- Born: c. 1540 Alparét, Kingdom of Hungary (present-day Bobâlna, Romania)
- Died: 1599 Alparét, Principality of Transylvania
- Noble family: House of Barlabássy
- Spouse: unidentified
- Issue: unidentified
- Father: Mihály IV
- Mother: Katalin Tomori

= Ferenc Barlabássy =

Hungarian nobleman

Ferenc Barlabássy de Alparét (alparéti Barlabássy Ferenc; killed 1599) was a Hungarian nobleman in the second half of the 16th century, who was active in the Principality of Transylvania. He was a supporter of Gáspár Bekes, a claimant to throne of Transylvania in the 1570s.

==Family==
Ferenc (III) was born into a wealthy Transylvanian noble family as the son of Mihály IV Barlabássy (born 1515) and Katalin Tomori, daughter of István Tomori, the Vice-voivode of Transylvania from 1523 to 1526 and from 1528 to 1531, and niece of Pál Tomori, commander-in-chief of the Hungarian army in the Battle of Mohács in 1526, where he was killed. Mihály and his family lived in Alparét (present-day Bobâlna, Romania), where his ancestors erected a country-house. Ferenc was also born there around 1540.

==Career==
After his father, Mihály died in 1555, Ferenc became the last offspring of the Barlabássy's senior branch, descending from his great-grandfather János III. Therefore, he inherited large-scale landholdings throughout Transylvania, including Csíkfalva (Vărgata) and Kutyfalva (Cuci). Ferenc Barlabássy supported the policy of John Sigismund Zápolya, King-elect of Hungary and later the first Prince of Transylvania. Under his influence, Barlabássy was one of those Transylvanian lords, who converted to Unitarianism from Roman Catholicism in the 1560s.

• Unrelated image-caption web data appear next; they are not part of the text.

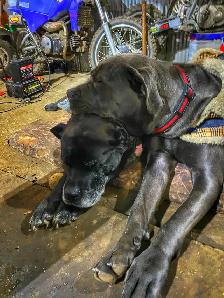 Dog walking service - Photo 3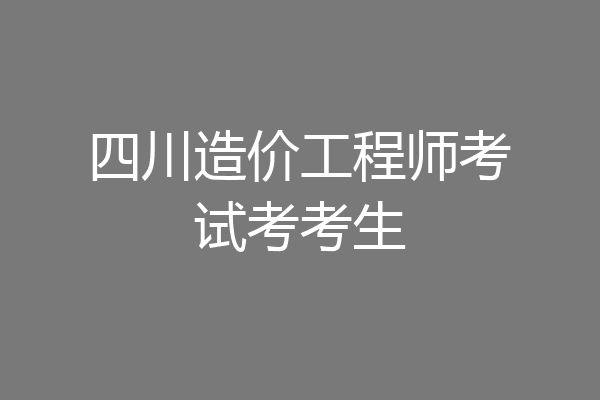 四川造价工程师考试考考生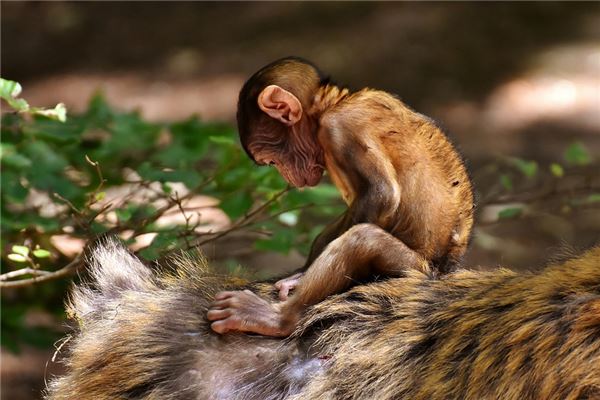 2004年五行屬什麼_十二生肖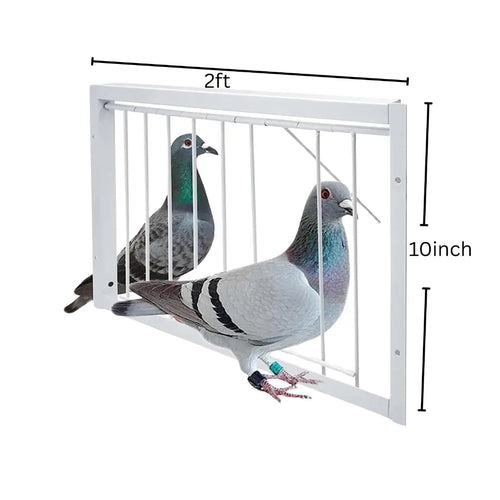 2ft Trap Door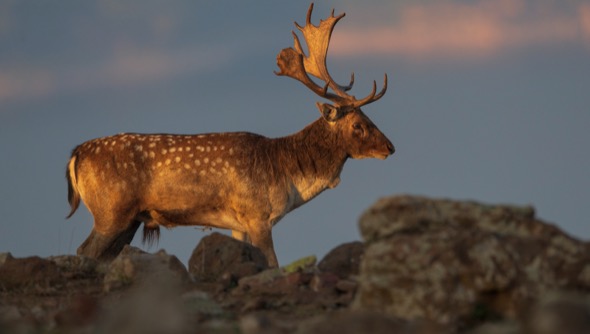 Нов сайт разкрива дивия свят на Източните Родопи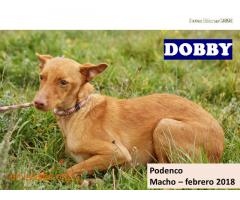 DOBBY - Imagen 2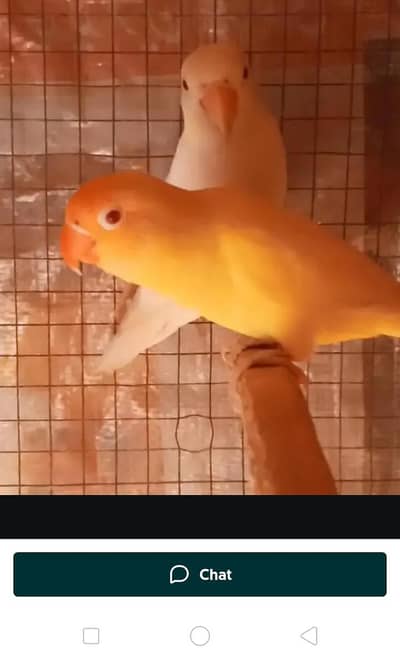 Love bird breeder pair for sale or exchange possible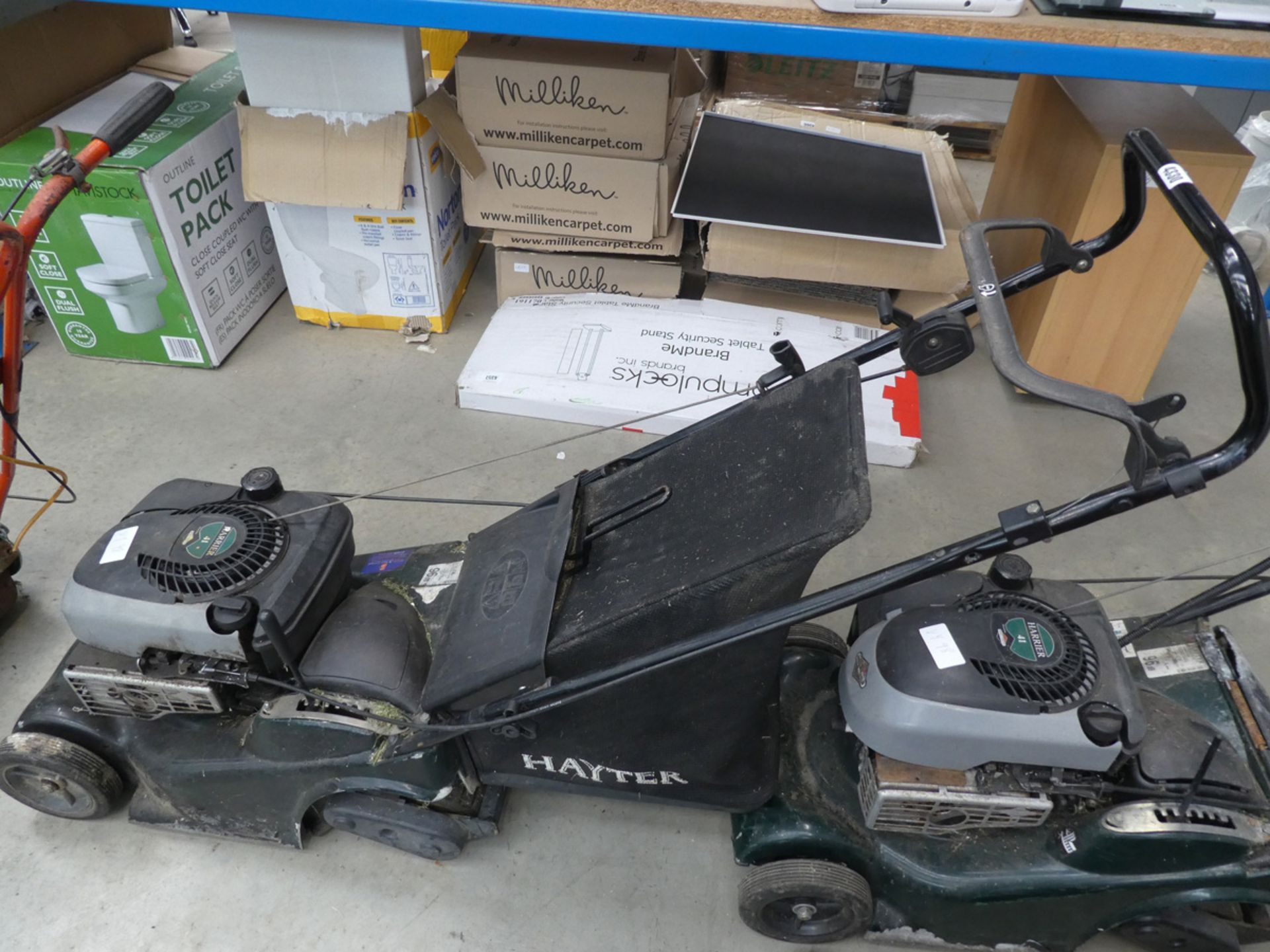 Hayter Harrier petrol powered rotary lawn mower with box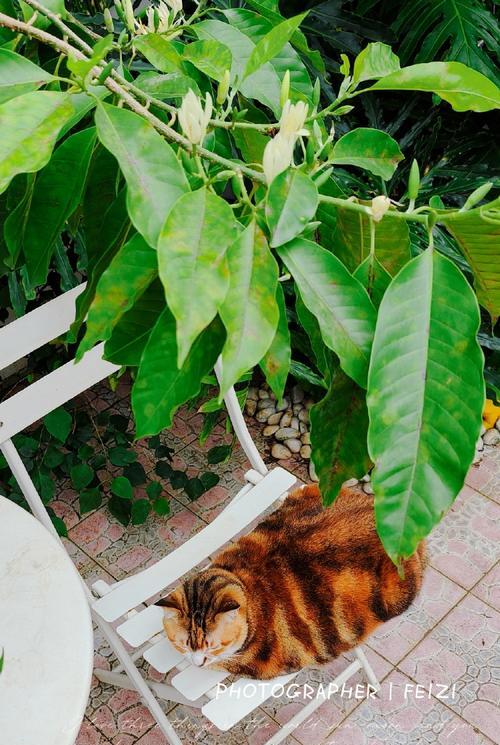冬天阳台养猫必备花卉？哪些花对猫无害且适合阳台？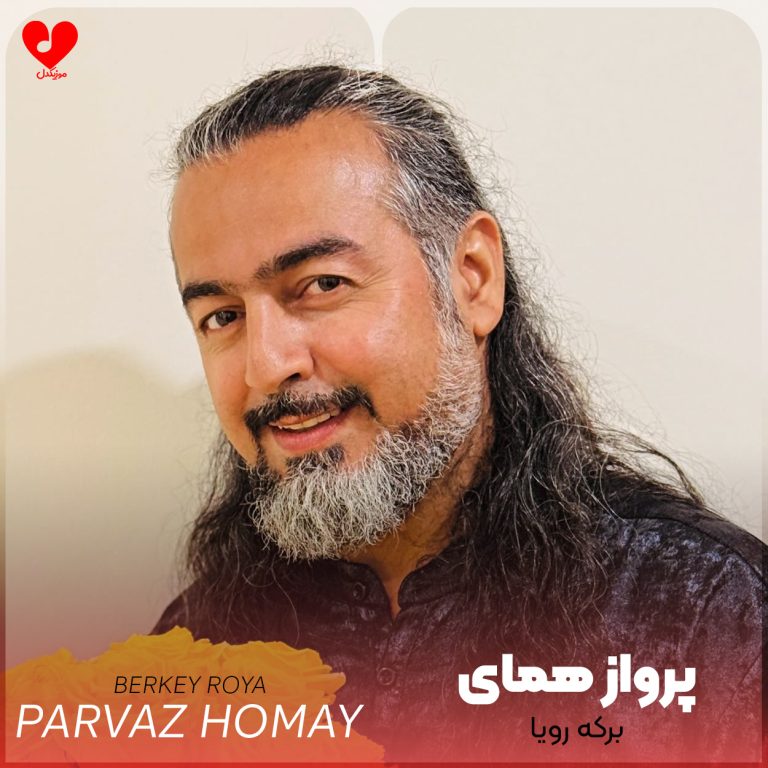 دانلود آهنگ دیر فهمیدم که جای شاه ماهی برکه نیست (برکه رویا پرواز همای)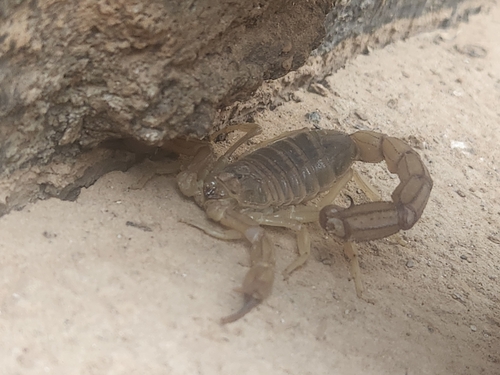 African fattail scorpion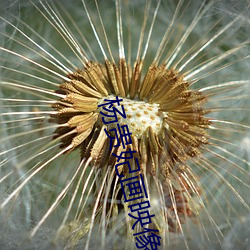 楊貴妃畫映像傳媒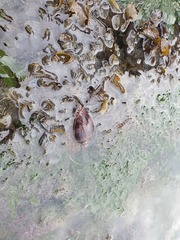 Cymbiola nobilis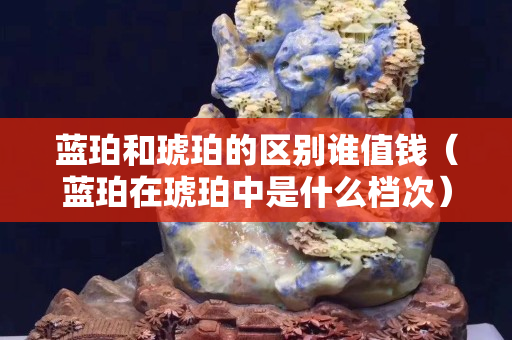 藍(lán)珀和琥珀的區(qū)別誰值錢（藍(lán)珀在琥珀中是什么檔次）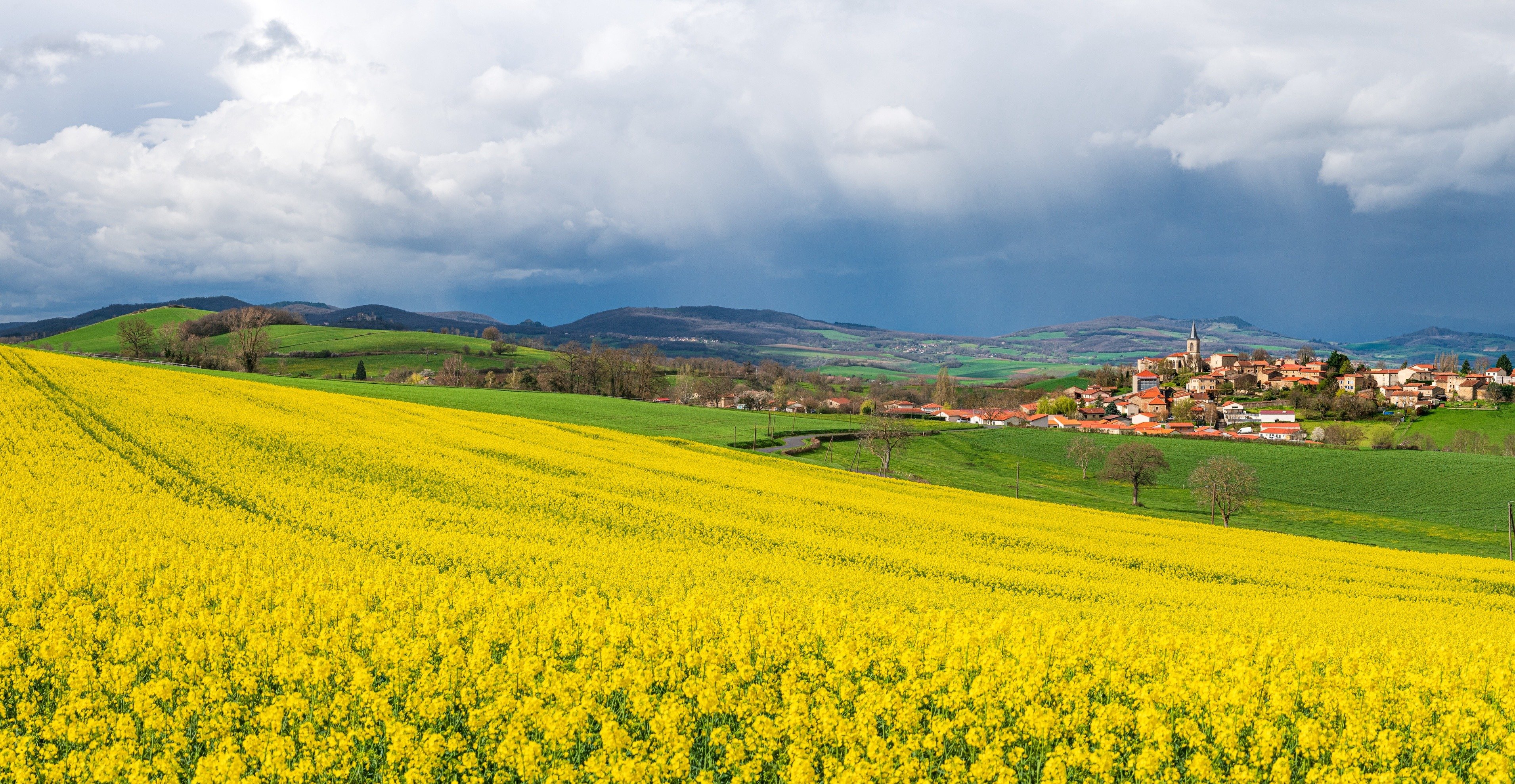 Mustard fields France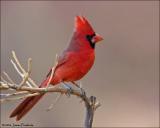 Northern Cardinal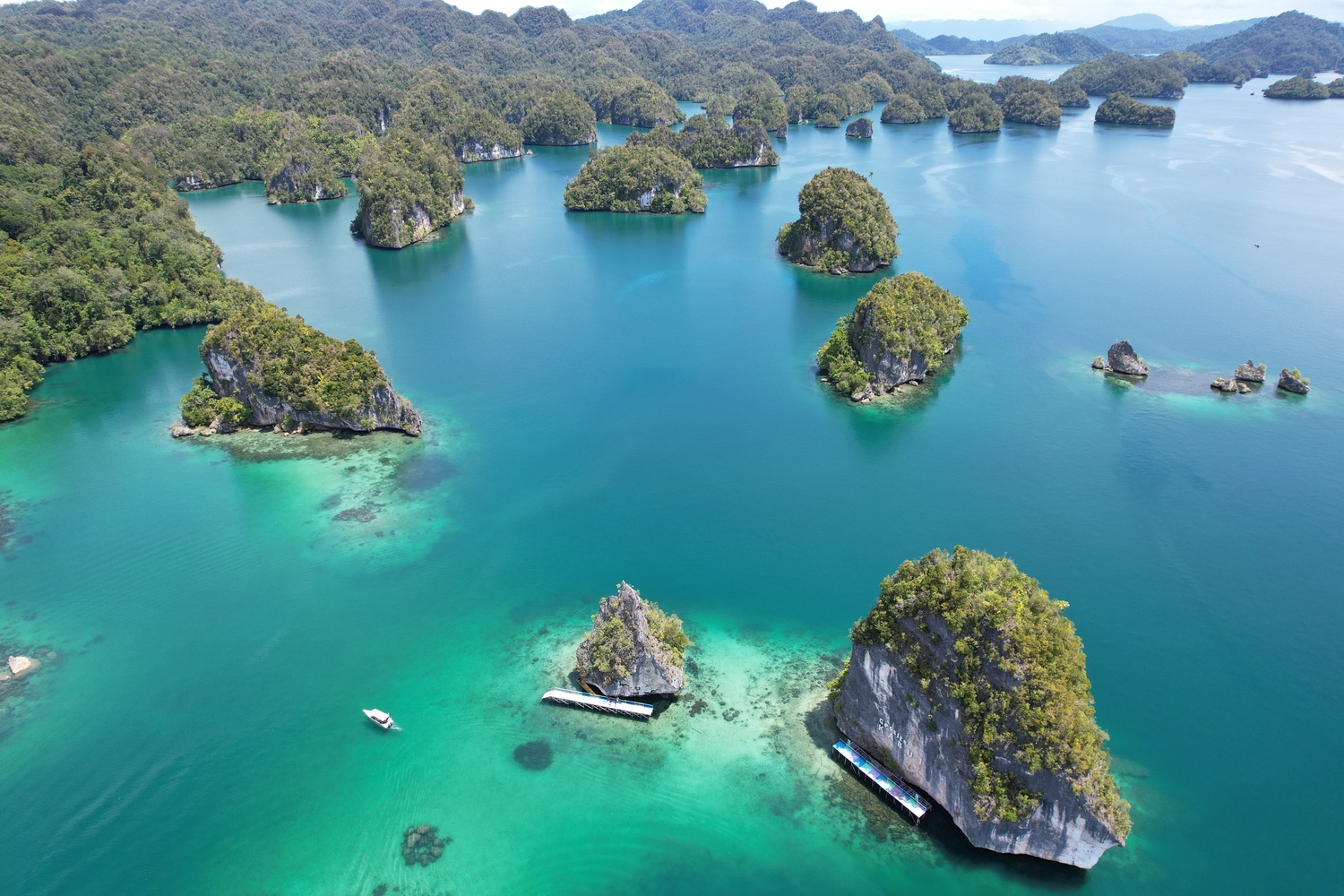 Panduan Lengkap Wisata Raja Ampat untuk Pemula
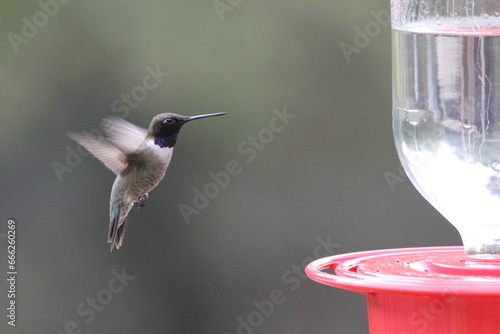 A black-chinned hummingbird in Arizona photo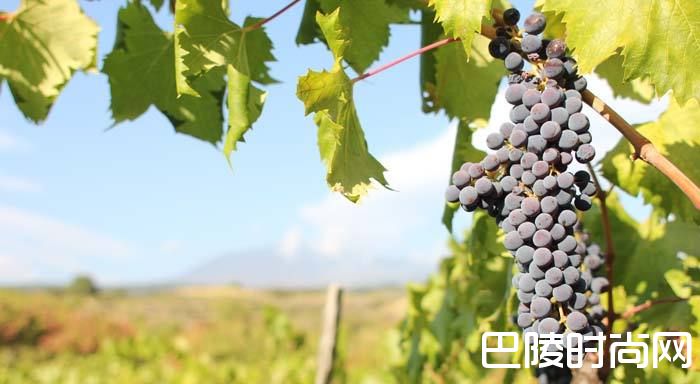 意大利十大葡萄品种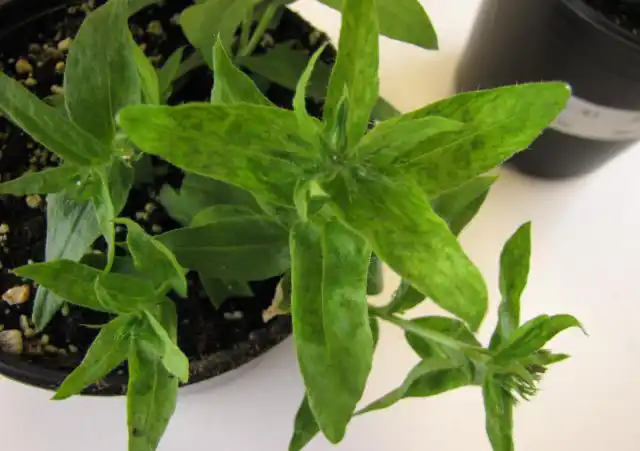 Погремковость может носить латентный характер и быть заметно только по задержке роста. Но обычно проявляется в виде светлых пятен на листьях, которые постепенно выцветают и некротируются.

John Sigismund died in 1571. The Transylvanian Diet elected the Roman Catholic lord, Stephen Báthory as his successor with the title of voivode. Gáspár Bekes, also sponsored by Emperor Maximilian II contested the election. Barlabássy supported the claim of Bekes, a fellow Unitarian. Bekes gathered his army and organized a rebellion against Báthory. Barlabássy joined his army, leading the troops of the Székelys of Marosszék. In his letter to captain László Radák in 1575, Bekes called Barlabássy as head of all Székelys within his party. Ferenc Barlabássy was isolated in his family due to his political orientation. The members of the younger branch of his kinship, descending from Vice-voivode Lénárd Barlabássy, were considered partisans of Stephen Báthory, primarily Farkas Barlabássy, who also owned estates in Székely Land and participated in the civil war in Báthory's retinue. The decisive battle took place near Kerelőszentpál (Sânpaul) on 9 July 1575, where Gáspár Bekes was defeated. Barlabássy gathered his army and was en route to the battlefield, but missed the battle and arrived to the scene one day later.

Supporters of Bekes were brutally suppressed and privileges for the Székelys were suspended. Ferenc Barlabássy sought refuge in the castle of Szatmár (Satu Mare). Along with 32 other lords, he was sentenced to death in absentia and his landholdings and villages were confiscated by a tribunal at the diet of Kolozsvár (Cluj-Napoca) in August 1575. Gáspár Bekes decided to reconcile with Báthory and became his loyal ally and close adviser, when the latter was elected monarch of the Polish–Lithuanian Commonwealth in the spring of 1576. Among other pro-Bekes lords, Barlabássy was granted amnesty and he was able to recover his confiscated lands. He also swore loyalty to Stephen Báthory. Barlabássy remained a partisan of the Báthory family throughout his life but lost all political influence, retiring to his country-house at Alparét. He was also considered a partisan of Prince Sigismund Báthory. When Emperor Rudolf II's military commander Michael the Brave invaded Transylvania in 1599, the province was harassed from pillaging raids made by his unpaid soldiers, while Ottoman marauders made frequent incursions across the frontiers. Ferenc Barlabássy was slaughtered together with his unidentified wife and children, while the country-house at Alparét was looted and destroyed.